Without including any pictures, write out all the records word for word.

START RECORDS SHOWN

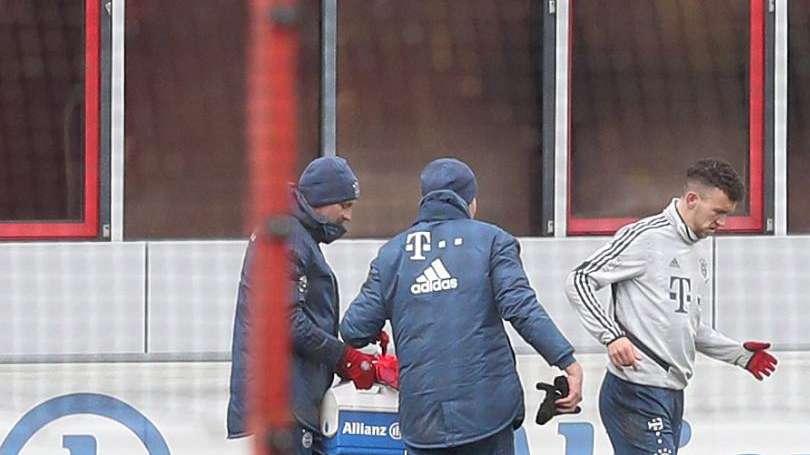 Bayern Monaco, brutto infortunio per Perisic. Il tecnico Flick: "Frattura alla caviglia, 4 settimane di stop"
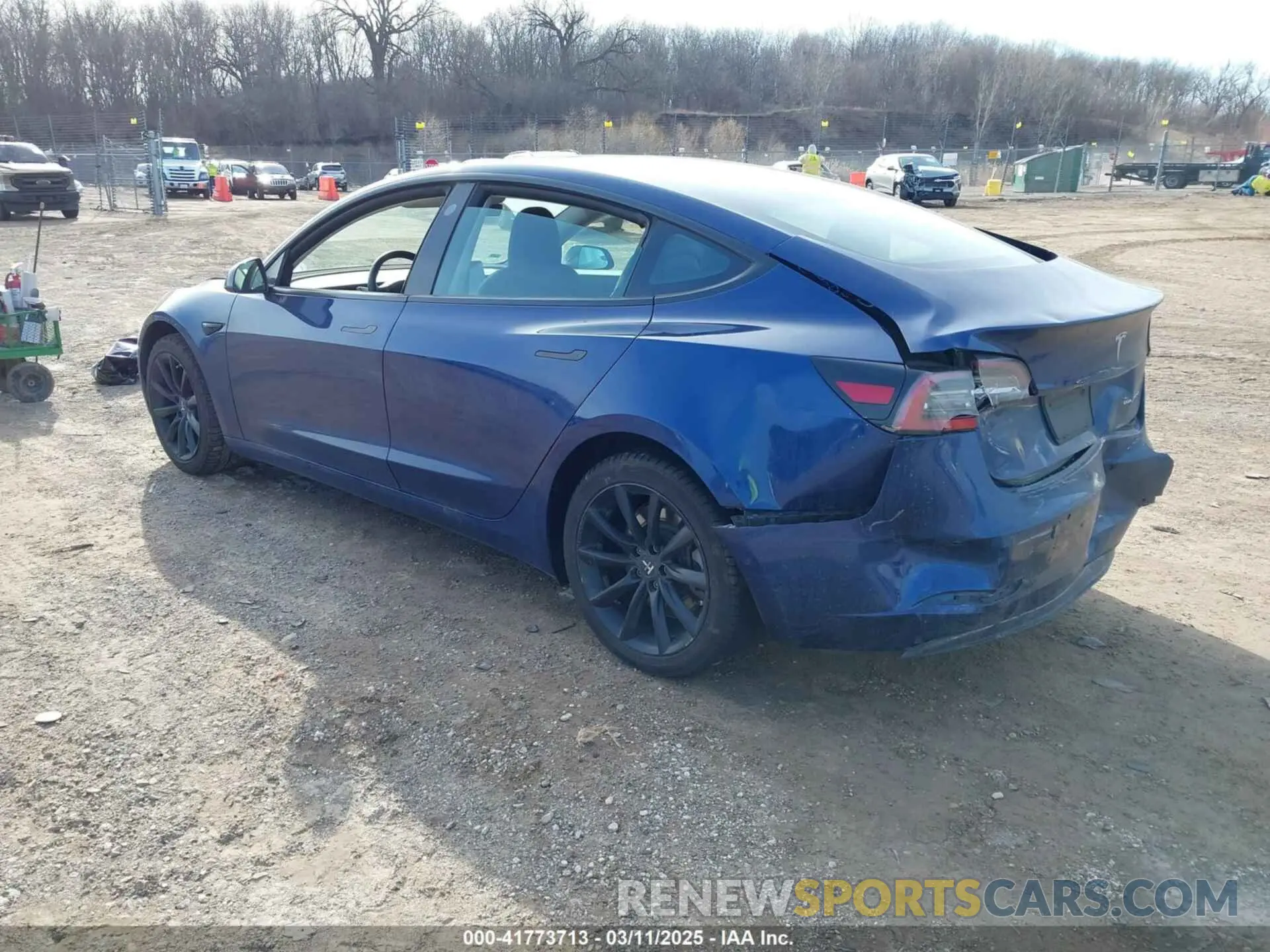 3 Photograph of a damaged car 5YJ3E1EB3KF408270 TESLA MODEL 3 2019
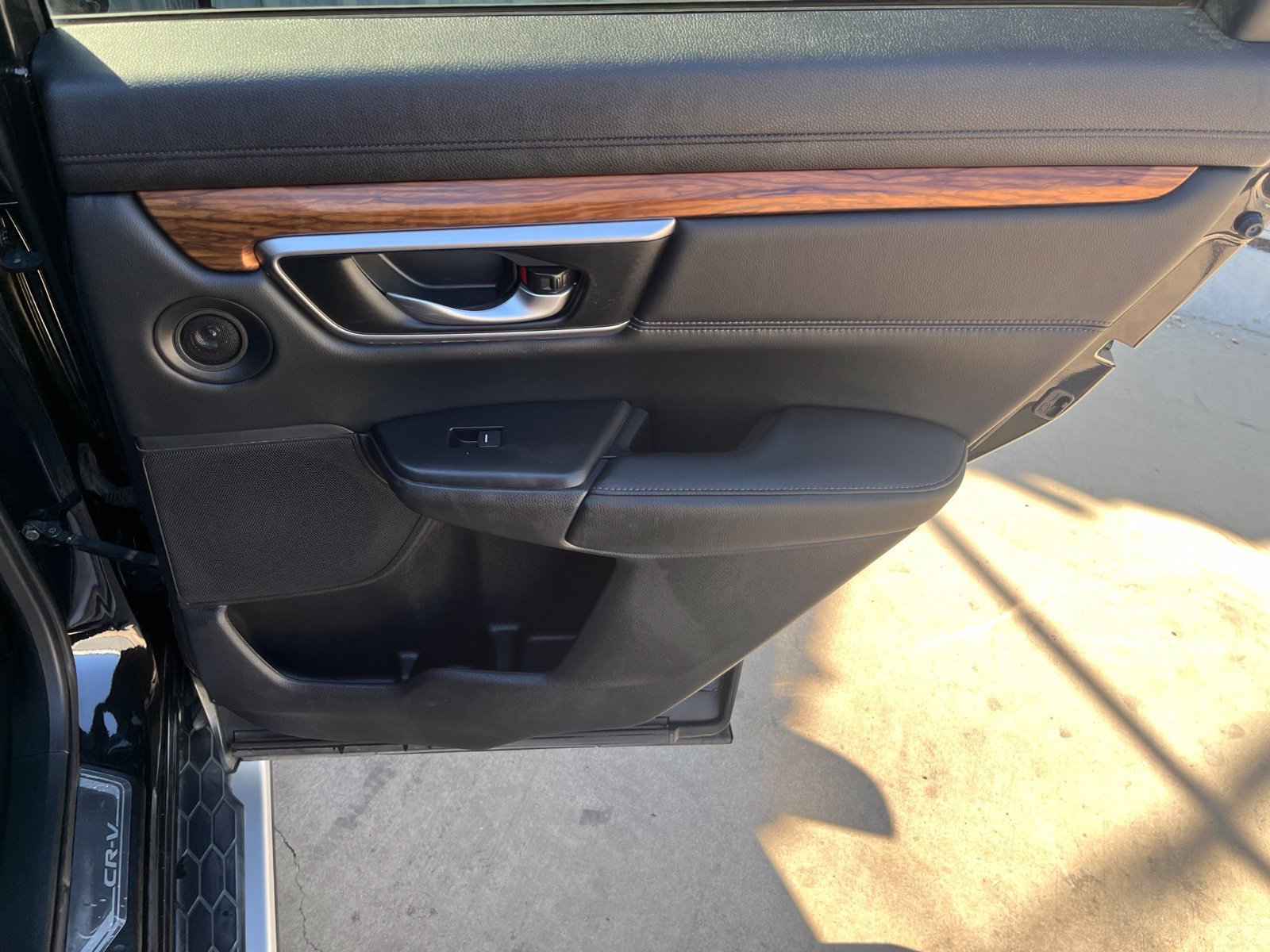 Used 2018 Honda CR-V Touring image 15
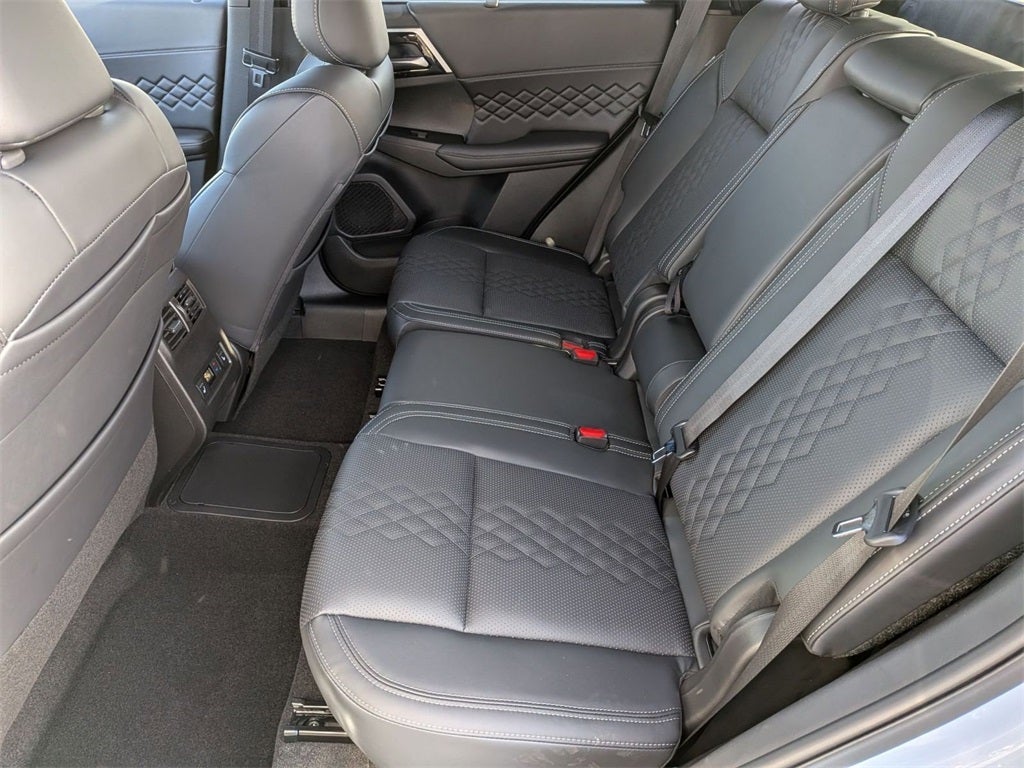 2025 Mitsubishi Outlander PHEV SEL Black Edition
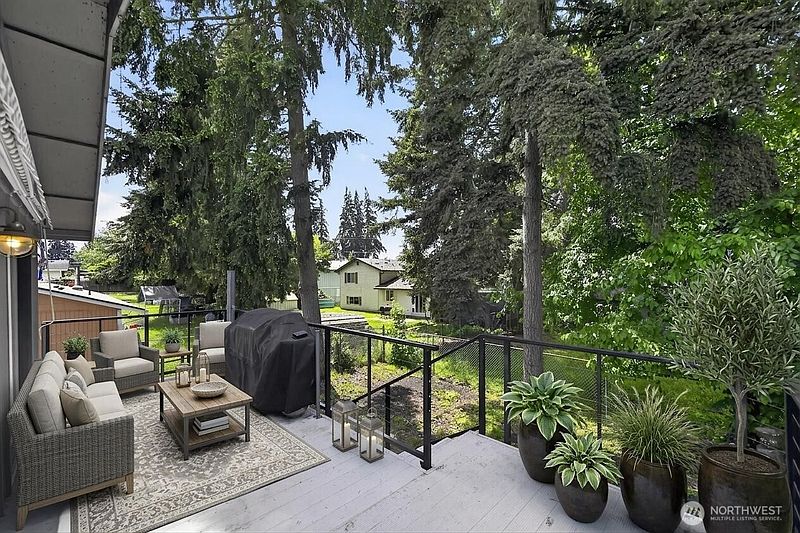 5th image of 16818 21st Avenue Ct E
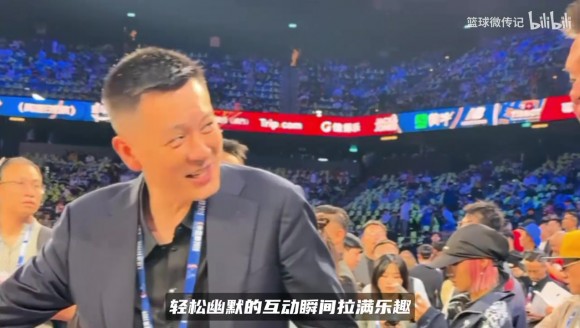 朱芳雨和杨鸣NBA中国赛同框！杨指导调侃朱总：来现场选外援啊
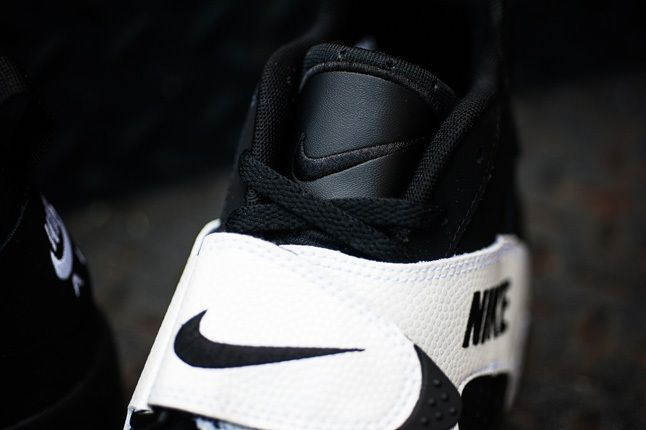 Nike Air Veer Black Tongue Detail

END RECORDS SHOWN

→ **EXERCISE OUTPUT**:
 Bayern Monaco, brutto infortunio per Perisic. Il tecnico Flick: "Frattura alla caviglia, 4 settimane di stop"
 3 Photograph of a damaged car 5YJ3E1EB3KF408270 TESLA MODEL 3 2019
 Used 2018 Honda CR-V Touring image 15
 2025 Mitsubishi Outlander PHEV SEL Black Edition
 5th image of 16818 21st Avenue Ct E
 朱芳雨和杨鸣NBA中国赛同框！杨指导调侃朱总：来现场选外援啊
 Nike Air Veer Black Tongue Detail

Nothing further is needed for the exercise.